Compression Schemes

PTQ

PTQ is performed to reduce the precision of quantizable weights (e.g., linear layers) to a lower bit-width. Supported formats are:

W4A16

Uses GPTQ to compress weights to 4 bits. Requires calibration dataset.
Optionally, AWQ can also be leveraged for W4A16 quantization
Useful speed ups in low QPS regimes with more weight compression.
Recommended for any GPUs types.

W8A8-INT8

Uses channel-wise quantization to compress weights to 8 bits using GPTQ, and uses dynamic per-token quantization to compress activations to 8 bits. Requires calibration dataset for weight quantization. Activation quantization is carried out during inference on vLLM.
Useful for speed ups in high QPS regimes or offline serving on vLLM.
Recommended for NVIDIA GPUs with compute capability <8.9 (Ampere, Turing, Volta, Pascal, or older).

W8A8-FP8

Uses channel-wise quantization to compress weights to 8 bits, and uses dynamic per-token quantization to compress activations to 8 bits. Does not require calibration dataset.
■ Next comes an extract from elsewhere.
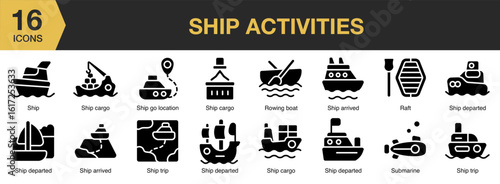 Ship Activities solid icon set. Includes vacation, activity, water, boat, journey, and More. Solid icons vector collection.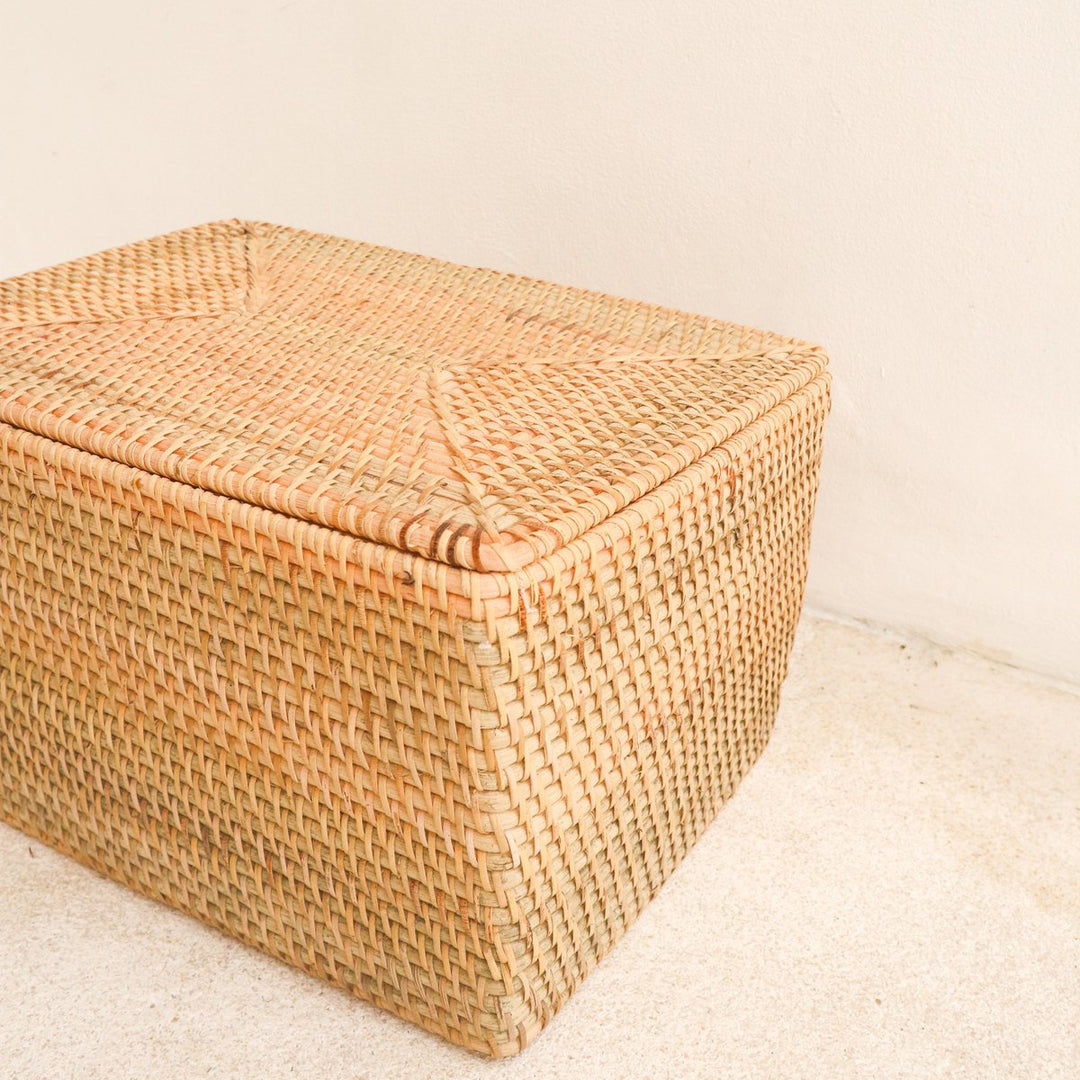 Opbergmand met deksel Plankmand gemaakt van beige rotan handgeweven decoratieve mand GRAHA (2 maten)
Activation quantization is carried out during inference on vLLM.
Useful for speed ups in high QPS regimes or offline serving on vLLM.
Recommended for NVIDIA GPUs with compute capability >=9.0 (Hopper and Blackwell).

Sparsification

Sparsification reduces model complexity by pruning selected weight values to zero while retaining essential weights in a subset of parameters. Supported formats include:

2:4-Sparsity with FP8 Weight, FP8 Input Activation

Uses (1) semi-structured sparsity (SparseGPT), where, for every four contiguous weights in a tensor, two are set to zero. (2) Uses channel-wise quantization to compress weights to 8 bits and dynamic per-token quantization to compress activations to 8 bits.
Useful for better inference than W8A8-fp8, with almost no drop in its evaluation score blog. Note: Small models may experience accuracy drops when the remaining non-zero weights are insufficient to recapitulate the original distribution.
Recommended for compute capability >=9.0 (Hopper and Blackwell).